Another possibility is that IBM see themselves as providing a national e-health portal and that this will be the approach adopted to delivering patient held clinical records that can be integrated with Medicare Australia information. Interestingly, as regular readers will know, IBM is was central in the delivery of just such a system in Denmark. From all I can find out this system is a pretty considerable success – so I wonder why IBM does not mention it in their reference sites and project.

The scale and depth of this project can be reviewed here:

http://www-05.ibm.com/services/dk/gbs/healthcare/eng/

One way or another you can be sure they have a major project, or contract, or both in mind!

David.

Sunday, June 15, 2008

NEHTA Just Steams On Regardless!

Checked the NEHTA Web Site today.
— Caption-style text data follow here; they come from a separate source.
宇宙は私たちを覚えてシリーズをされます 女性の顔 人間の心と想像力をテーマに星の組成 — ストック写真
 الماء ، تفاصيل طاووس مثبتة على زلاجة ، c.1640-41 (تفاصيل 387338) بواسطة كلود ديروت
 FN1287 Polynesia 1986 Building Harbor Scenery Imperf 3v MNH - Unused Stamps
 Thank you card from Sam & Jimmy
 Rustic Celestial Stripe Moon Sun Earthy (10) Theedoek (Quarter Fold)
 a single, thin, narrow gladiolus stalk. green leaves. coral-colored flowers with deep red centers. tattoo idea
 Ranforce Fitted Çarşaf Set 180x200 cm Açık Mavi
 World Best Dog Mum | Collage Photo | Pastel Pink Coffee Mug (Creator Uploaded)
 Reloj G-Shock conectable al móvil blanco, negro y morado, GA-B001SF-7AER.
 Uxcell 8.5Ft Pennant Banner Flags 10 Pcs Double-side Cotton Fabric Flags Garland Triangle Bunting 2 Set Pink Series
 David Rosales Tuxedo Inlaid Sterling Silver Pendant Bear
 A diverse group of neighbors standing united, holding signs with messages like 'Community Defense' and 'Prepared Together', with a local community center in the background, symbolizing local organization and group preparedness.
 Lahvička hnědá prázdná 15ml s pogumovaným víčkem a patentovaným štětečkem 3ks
Silly me..just made me grumpy!

Seems the money wasting will continue!

Peak Body Summit: 18 June

Hits : 474

NEHTA is hosting a summit with Peak Bodies that represent consumer and clinician interests in the healthcare sector. NEHTA is inviting non technical audiences to participate in discussions on the introduction of the Individual Electronic Health Record (IEHR) for all Australians and non technical issues relating to e-health and the IEHR.

The topics that will be discussed include:

  • Preparedness to introduce e-health and an overview of IEHR;
  • Issues around the introduction of unique health identification for clinicians and patients;
  • Governance, privacy and other policy matters;
  • Implementation and business adoption issues; and
  • Management of public consultation.

The event will be held at Rydges Lakeside in Canberra.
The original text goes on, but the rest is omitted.